Naked, he padded on bare feet over the smooth wooden floorboards to the washstand in the corner, taking up a washcloth and dipping it in the basin there, scrubbing it hard over his body in the hopes it might wash away the remembrance of her from his skin. Could he convince her that they might have a chance at something new together? Perhaps if they had enough time. But Edinburgh was but two days away, and then she would be out of his life for good. Two days was not enough time to heal the hurt of nearly a decade and a half.
A slithering idea of a thought crept through the dank halls of his mind like a clinging fog: What if he told her of the dukedom? What if he revealed to her that he was a duke and she was a duchess, that she and her sisters would never have to worry about money again and he could give them all lavish lifestyles safe from any fear of her father?
But even before it finished circulating in his skull he knew that would be the wrong thing to do. For one, Seraphina had never held much store in titles. In his youth, of course, his pride had led him to believe that she did, and shewould never be able to overlook the disparity in their stations.

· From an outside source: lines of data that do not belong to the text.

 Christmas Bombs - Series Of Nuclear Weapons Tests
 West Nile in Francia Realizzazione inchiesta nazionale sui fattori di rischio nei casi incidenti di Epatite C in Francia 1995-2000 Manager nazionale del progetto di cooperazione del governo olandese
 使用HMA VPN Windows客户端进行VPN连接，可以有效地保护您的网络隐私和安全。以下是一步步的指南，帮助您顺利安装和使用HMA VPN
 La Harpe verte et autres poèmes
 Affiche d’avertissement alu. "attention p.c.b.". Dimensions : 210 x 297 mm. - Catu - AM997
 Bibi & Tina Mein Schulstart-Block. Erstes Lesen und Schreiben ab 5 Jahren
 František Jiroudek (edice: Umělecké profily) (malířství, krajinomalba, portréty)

It was why he had so readily believed her father’s lies.
Now that he was older, however, and hopefully much wiser, he saw with the clarity and pain of hindsight that she had never cared for those things. She had even left the comfort and security of station and wealth in order to protect herself and her sisters and to forge a new life for them. She would not care that she was a duchess and he a duke. In fact, it might turn her from him completely. And besides, he did not want to win her that way, even if she could be won. No, he wanted her to love him for himself, just as she had before.

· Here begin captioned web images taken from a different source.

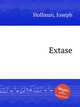 Extase, Hollman, Joseph 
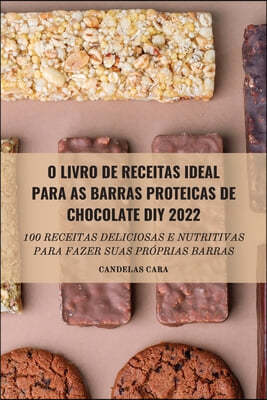 O Livro de Receitas Ideal Para as Barras Proteicas de Chocolate DIY 2022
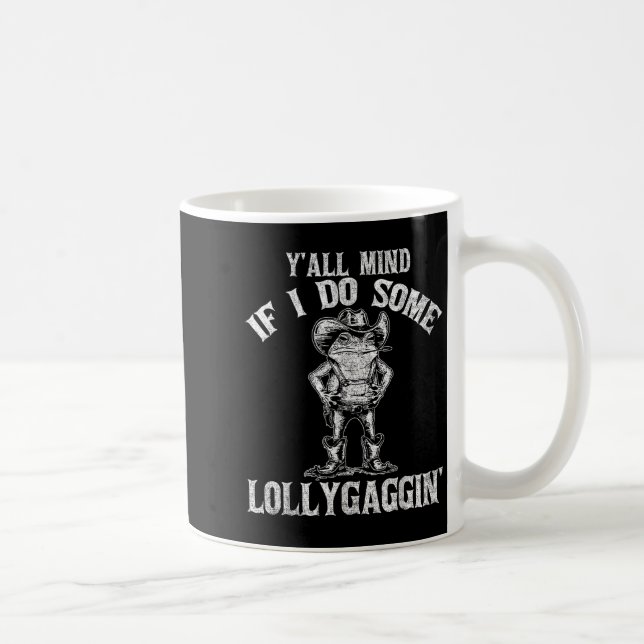 Y'all Mind If I Do Some Lollygagging Funny Cowboy  Kaffemugg (Höger)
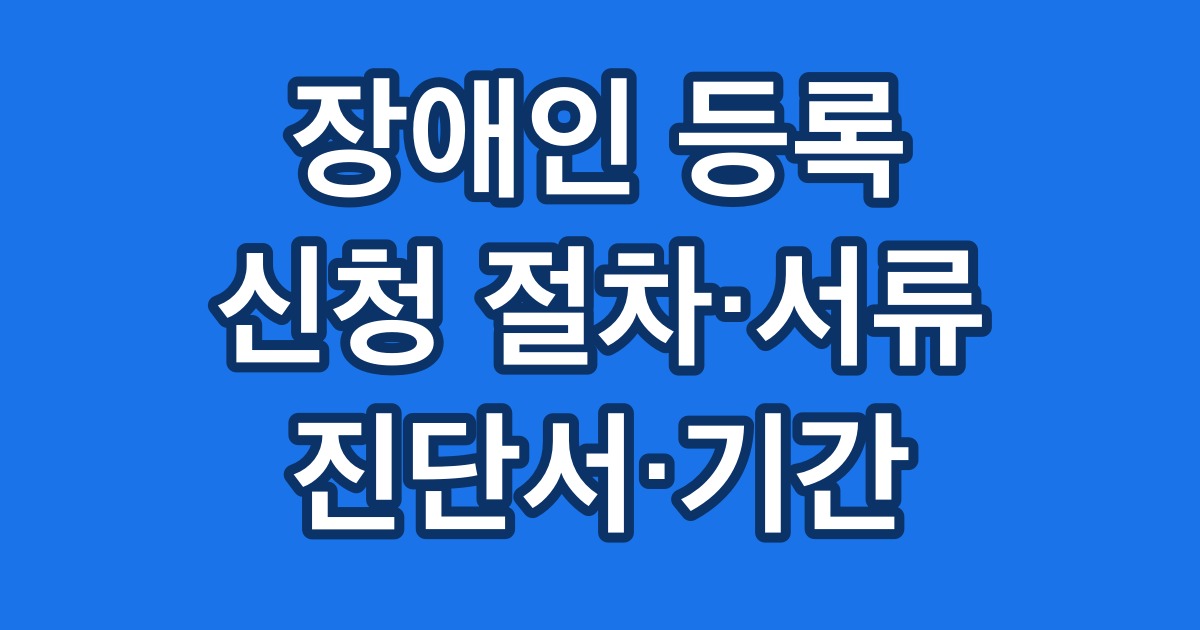 장애인 등록 신청 절차·서류 진단서·기간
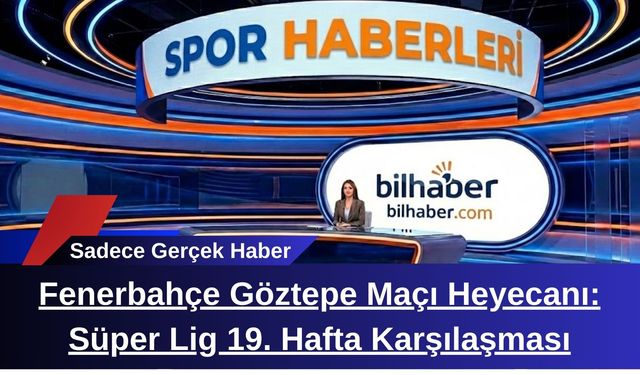 Fenerbahçe Göztepe Maçı Heyecanı: Süper Lig 19. Hafta Karşılaşması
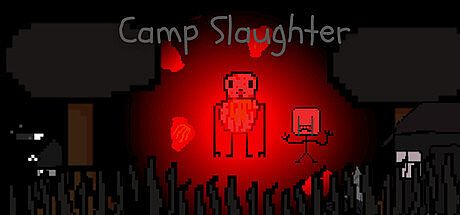 Camp Slaughter Game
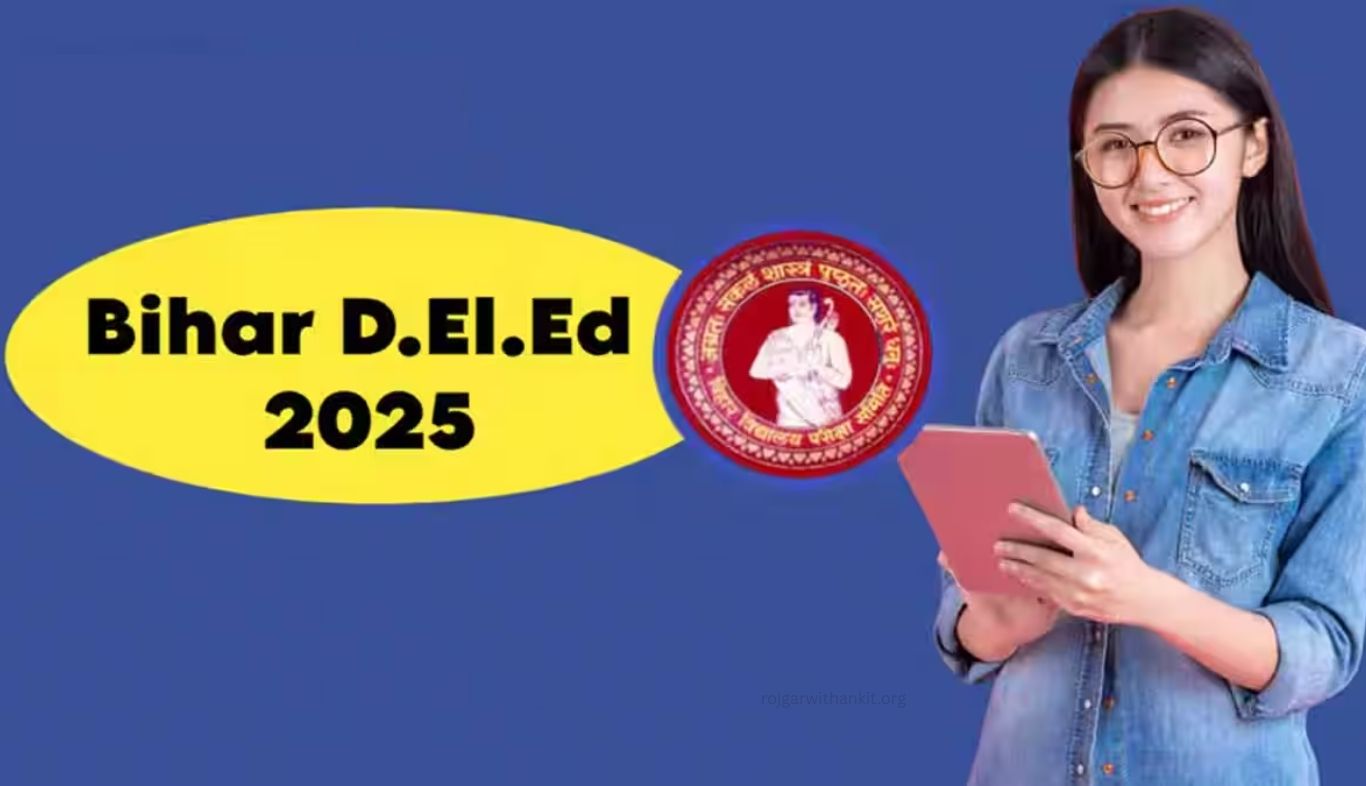 BSEB Bihar D.El.Ed 2025-27 Result & Online Counselling Updates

Love.He let loose a humorless bark of laughter, throwing the washcloth back in the bowl with a splash. He’d thought he was incapable of love, that he’d lanced it from his heart. But it appeared he’d not been as thorough as he’d hoped. The small sliver of emotion remaining in his chest had begun to grow again, filling him up, transforming into something strong. And, he feared, something that would not be so easily gotten rid of this time around, not now that he knew the truth about her part in their past.
Frustrated, heartsick, he doused all the light save for the low fire and headed for the overlarge and lonely bed, climbing between the sheets. A bed that was all the lonelier for how he had held Seraphina the night before and woken with her in his arms. It was something he had never experienced in their tragically short marriage, and it was something he would never experience again.